A federal judge has blocked the Trump administration from cutting off Harvard’s enrolment of foreign students, an action the Ivy League school decried as unconstitutional retaliation for defying the White House’s political demands.
In its lawsuit filed earlier on Friday in federal court in Boston, Harvard said the government’s action violates the First Amendment and will have an “immediate and devastating effect for Harvard and more than 7,000 visa holders”.
“With the stroke of a pen, the government has sought to erase a quarter of Harvard’s student body, international students who contribute significantly to the University and its mission,” Harvard said in its suit.
“Without its international students, Harvard is not Harvard.”
The temporary restraining order was granted by US District Judge Allison Burroughs.
The Trump administration move has thrown campus into disarray days before graduation. Harvard said in the suit.
International students who run labs, teach courses, assist professors and participate in Harvard sports are now left deciding whether to transfer or risk losing legal status to stay in the country, according to the filing.
The impact is heaviest at graduate schools such as the Harvard Kennedy School, where almost half the student body comes from abroad, and Harvard Business School, which is about one-third international.
Along with its impact on current students, the move blocks thousands of students who were planning to come for summer and autumn classes.
Harvard said it immediately puts the school at a disadvantage as it competes for the world’s top students. Even if it regains the ability to host students, “future applicants may shy away from applying out of fear of further reprisals from the government”, the suit said.
If the government’s action stands, Harvard said, the university would be unable to offer admission to new international students for at least the next two academic years.
Schools that have that certification withdrawn by the federal government are ineligible to reapply until one year afterwards, Harvard said.

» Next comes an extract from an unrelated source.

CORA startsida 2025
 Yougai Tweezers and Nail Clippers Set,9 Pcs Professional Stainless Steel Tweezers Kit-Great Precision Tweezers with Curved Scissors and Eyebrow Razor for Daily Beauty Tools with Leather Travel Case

Harvard enrols almost 6,800 foreign students at its campus in Cambridge, Massachusetts. Most are graduate students and they come from more than 100 countries.
The Department of Homeland Security announced the action on Thursday, accusing Harvard of creating an unsafe campus environment by allowing “anti-American, pro-terrorist agitators” to assault Jewish students on campus.
It also accused Harvard of co-ordinating with the Chinese Communist Party, contending the school had hosted and trained members of a Chinese paramilitary group as recently as 2024.
Harvard president Alan Garber earlier this month said the university has made changes to its governance over the past year and a half, including a broad strategy to combat antisemitism.
He said Harvard would not budge on its “its core, legally-protected principles” over fears of retaliation. Harvard has said it will respond at a later time to allegations first raised by House Republicans about co-ordination with the Chinese Communist Party.
The threat to Harvard’s international enrolment stems from an April 16 request from Homeland Security Secretary Kristi Noem, who demanded that Harvard provide information about foreign students that might implicate them in violence or protests that could lead to their deportation.
Harvard says it provided “thousands of data points” in response to Ms Noem’s April 16 demand. Her letter on Thursday said Harvard failed to satisfy her request, but the school said she failed to provide any further explanation.
“It makes generalised statements about campus environment and ‘anti-Americanism,’ again without articulating any rational link between those statements and the decision to retaliate against international students,” the suit said.
Harvard’s lawsuit said the administration violated the government’s own regulations for withdrawing a school’s certification.